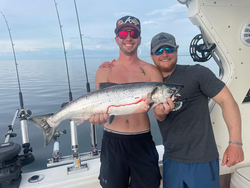 Two anglers fishing in NY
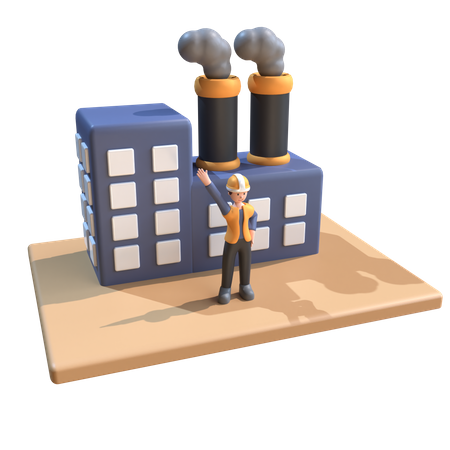 Industrial Repair Worker  3D Icon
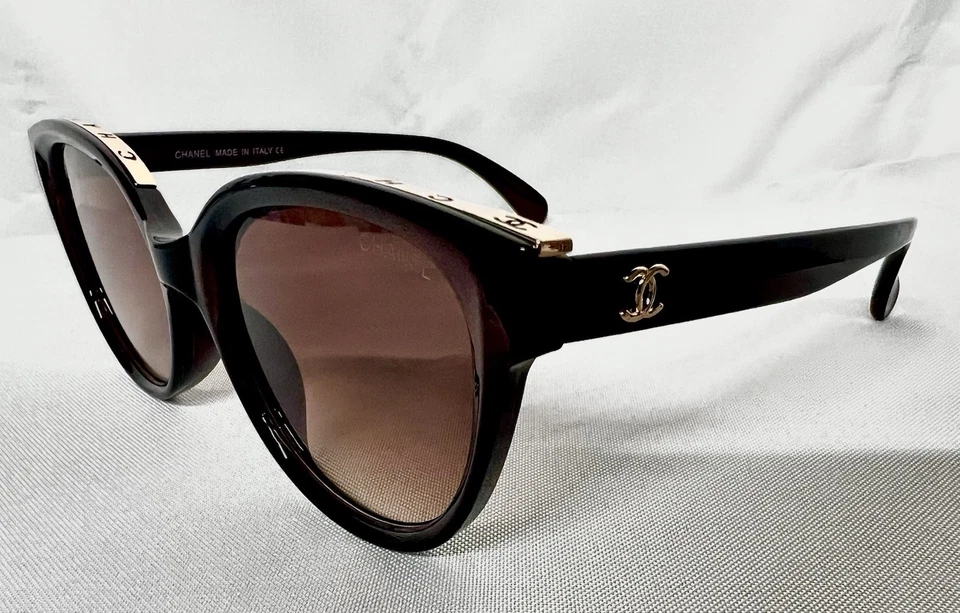 Gafas de sol Chanel para mujer Cateye lentes marrones marcos marrones ¡¡ENVÍO GRATUITO!!! Foto 1 de 4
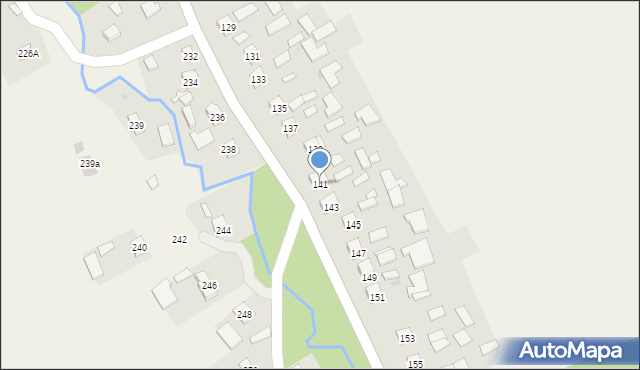 Wiewiórka, Wiewiórka, 141, mapa Wiewiórka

**Work order:** Pictures aside, please output the whole listing exactly as it appears above.

**Solved exercise:**
 Two anglers fishing in NY
 Industrial Repair Worker  3D Icon
 Gafas de sol Chanel para mujer Cateye lentes marrones marcos marrones ¡¡ENVÍO GRATUITO!!! Foto 1 de 4
 Wiewiórka, Wiewiórka, 141, mapa Wiewiórka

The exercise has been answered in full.